In this latest series, I will be going through all the countries I’ve travelled to on my mission to visit every single country in the world. In this article, we will be covering country #81: Burundi. If you haven’t gotten a chance already, read this story first to find out why I’m trying to visit all 193 UN-recognized countries.
Going to Burundi was very expensive. It cost me $222.48 CAD to get the visa to enter this country. Regardless; my main goal when I travelled to Burundi was to simply go in and out of the country. I wanted to tick it off as a country visited. Ironically, I accidentally visited the country twice which is a funny story on its own.
VIDEO – Country #81: Burundi
Blog post on Burundi
- Complete 9 Days Uganda, Democratic Republic of Congo and Rwanda Spending Breakdown
- 9 Days of Travel To Rwanda, Uganda, and Democratic Republic of Congo
- Rwanda-Burundi Border Crossing From Start To Finish (Kigali to Bujumbura?)
Landing in Bujumbura instead of Kigali
One of the funniest thing about travelling in Africa is that there’s no rhyme or reason on this continent. Our flight was supposed to fly directly to Kigali in Rwanda when they decided they would fly to Bujumbura in Burundi instead. The first time I went to Burundi was purely accidental. Still, it was nice to be able to fly over the capital city of Bujumbura and take a glance at it from the plane window.

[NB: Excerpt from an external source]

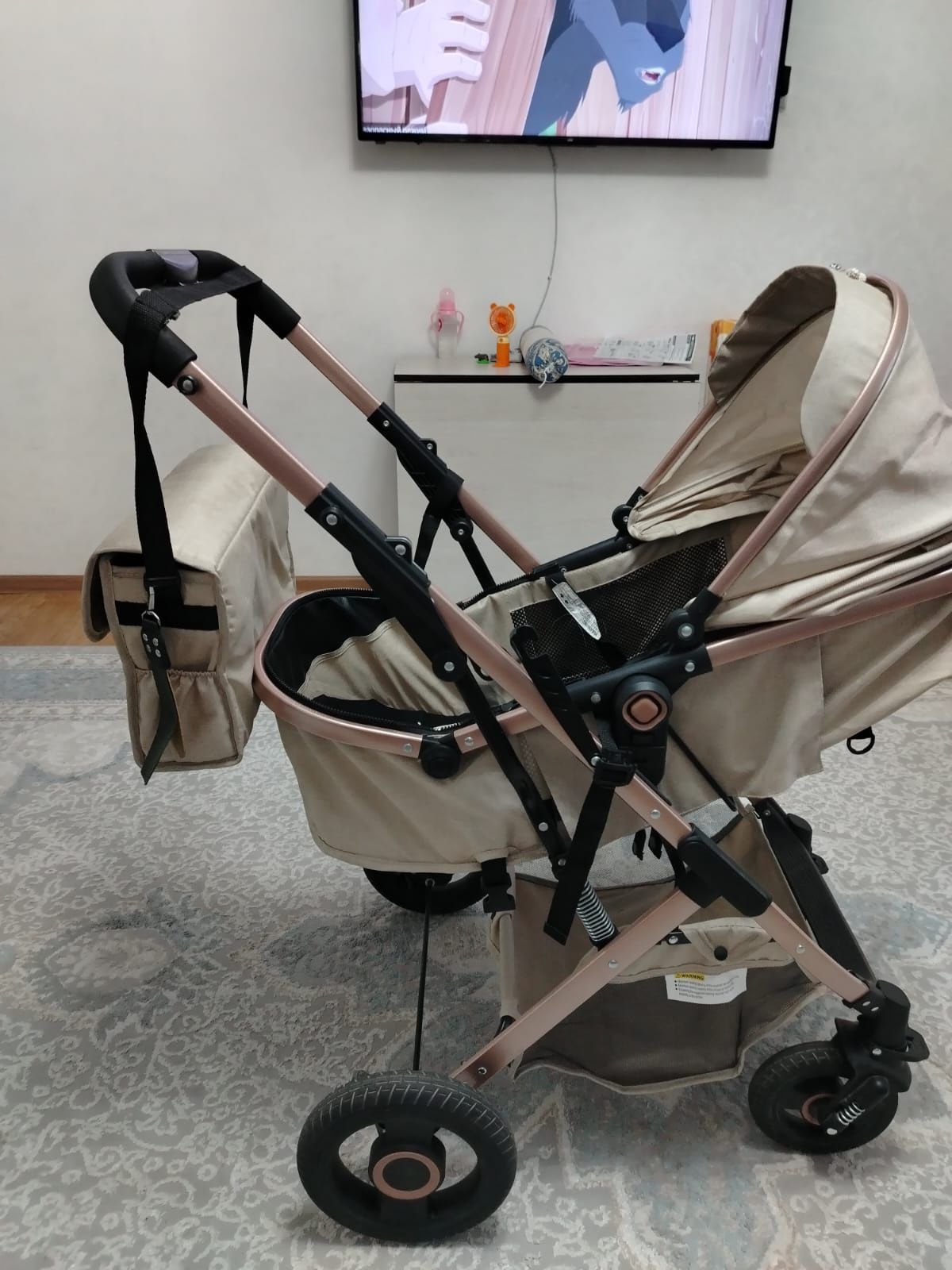 Продам коляску. Почти новое.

Driving from Kigali to the Rwanda-Burundi border
Later on, after finishing my travels in Uganda, I requested from the driver we hired if he can drive me to the Rwanda-Burundi border. It’s my goal to tick this country off as visited and get the passport stamp.

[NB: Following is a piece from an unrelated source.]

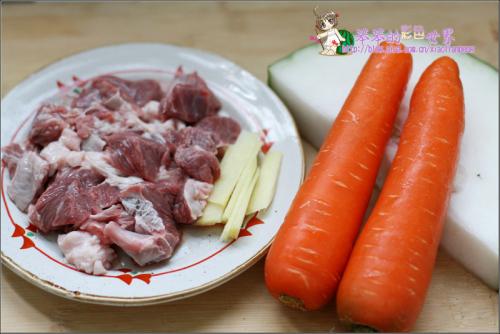 冬瓜胡萝卜牛腩汤的做法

The drive was scenic and before long, we have arrived at the border.
The security at the border chatted with Emmanuel, the driver, and told him that the immigration staff needed to speak to me before I can proceed. The immigration officer was suspicious at my intent to enter Burundi when I said all I want to do was go in, take a selfie, then go back out.
After pondering my intent, he let me line up at the immigration windows.
Crossing over to Burundi
I think this immigration border is newly constructed as the Rwandans and Burundian immigration officers were working side by side. The people lining up with me were really friendly and guided me to the correct window.
They did things a bit weird at this border. Normally, you would get an exit stamp first before getting an entry stamp to the country you are entering. But in this border, you get an entry stamp first to the next country before getting an exit stamp in your previous country. Yes, nothing makes sense in Africa.
I showed them my visa and the entry process was relatively painless.
I was expecting corruption but it was fine and nothing happened to me during that border crossing.
Afterwards, I proceeded to take pictures and selfies after crossing over to Burundi.
Once I felt happy, I went back to get my exit stamp out of the country and back to Emmanuel to head back to Kigali.
Burundi is known to be in the top 10 most corrupt countries in the world (currently ranked at #5). That is why I decided I will just quickly visit and then get out. They also don’t have any major sightseeing sights that I know of. And finally, my vacation time was short and I decided I would allocate the bulk of my time travelling in Uganda, Rwanda, and the Democratic Republic of Congo.
However, when I crossed over the border or landed in Bujumbura, I didn’t sense the corruption at all and perhaps things are gradually improving.